_EXERCISE AIM_
From the entries below, print exactly the span beginning with the line holding "Pendientes De Perlas" and ending with the line holding "Zimbabwean President Robert", endpoints included, and skip any pictures.

_MATERIAL FOR THIS EXERCISE_
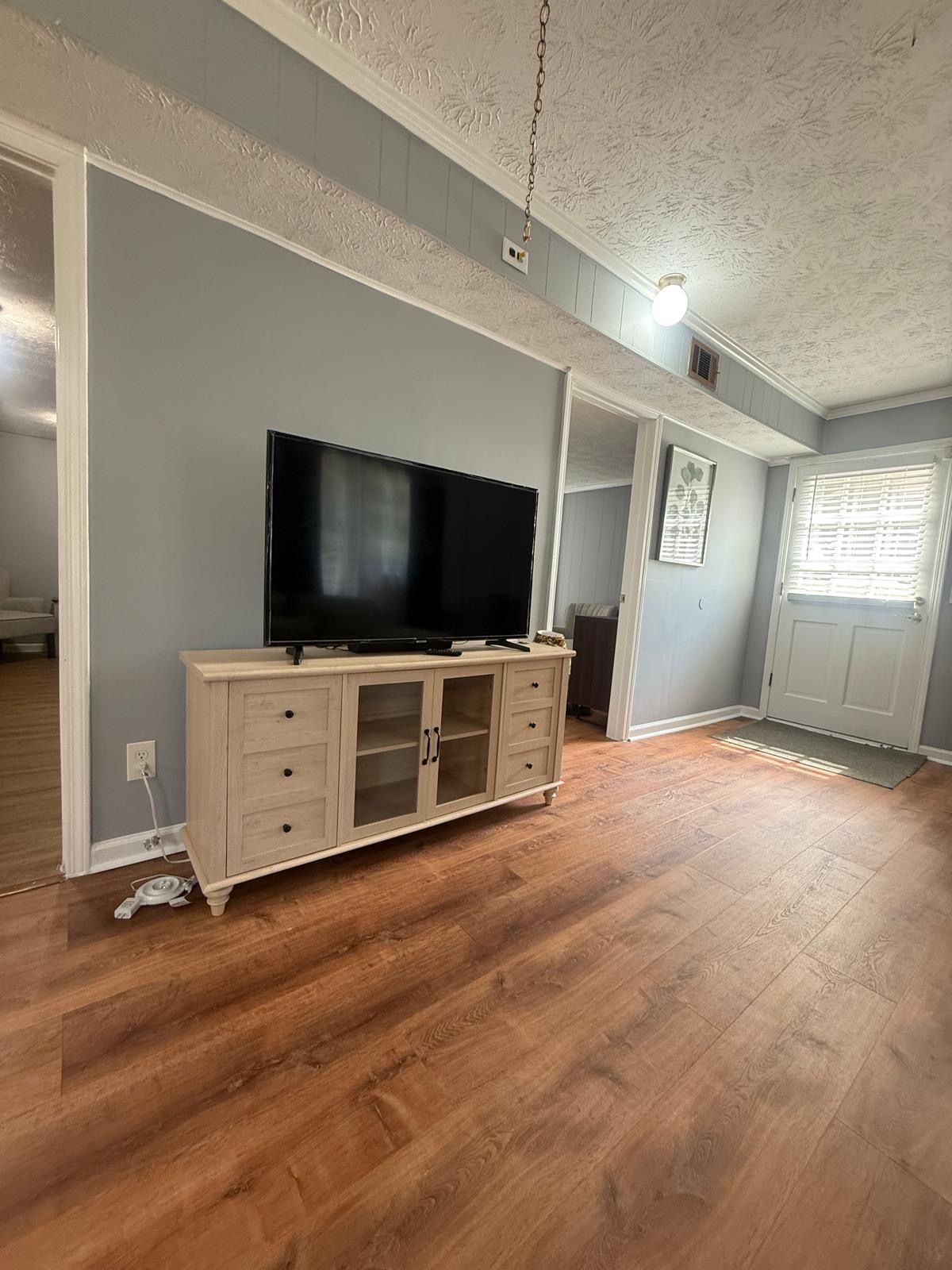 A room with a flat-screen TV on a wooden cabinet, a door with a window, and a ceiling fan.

---

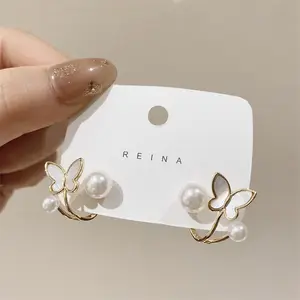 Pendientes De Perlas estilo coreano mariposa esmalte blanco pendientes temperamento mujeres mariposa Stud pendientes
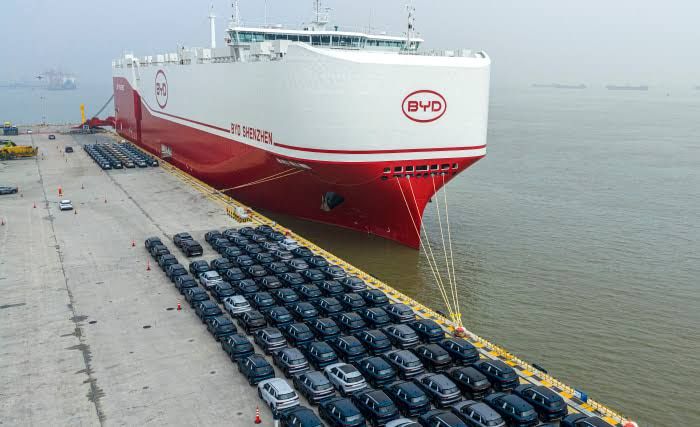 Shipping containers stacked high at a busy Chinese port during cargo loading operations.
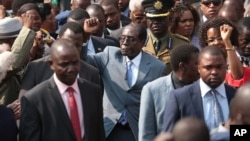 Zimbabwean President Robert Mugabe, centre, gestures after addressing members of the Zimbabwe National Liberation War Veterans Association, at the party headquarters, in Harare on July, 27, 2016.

--

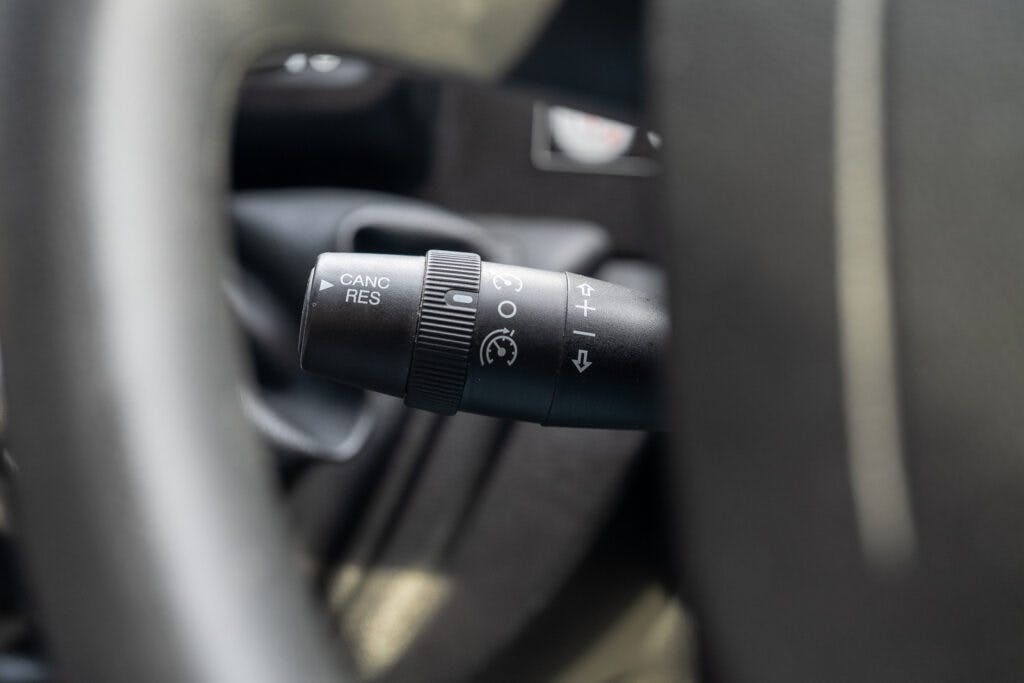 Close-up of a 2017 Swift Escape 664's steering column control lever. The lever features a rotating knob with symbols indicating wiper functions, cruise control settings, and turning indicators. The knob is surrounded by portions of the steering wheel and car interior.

_EXERCISE RESPONSE_
 Pendientes De Perlas estilo coreano mariposa esmalte blanco pendientes temperamento mujeres mariposa Stud pendientes
 Shipping containers stacked high at a busy Chinese port during cargo loading operations.
 Zimbabwean President Robert Mugabe, centre, gestures after addressing members of the Zimbabwe National Liberation War Veterans Association, at the party headquarters, in Harare on July, 27, 2016.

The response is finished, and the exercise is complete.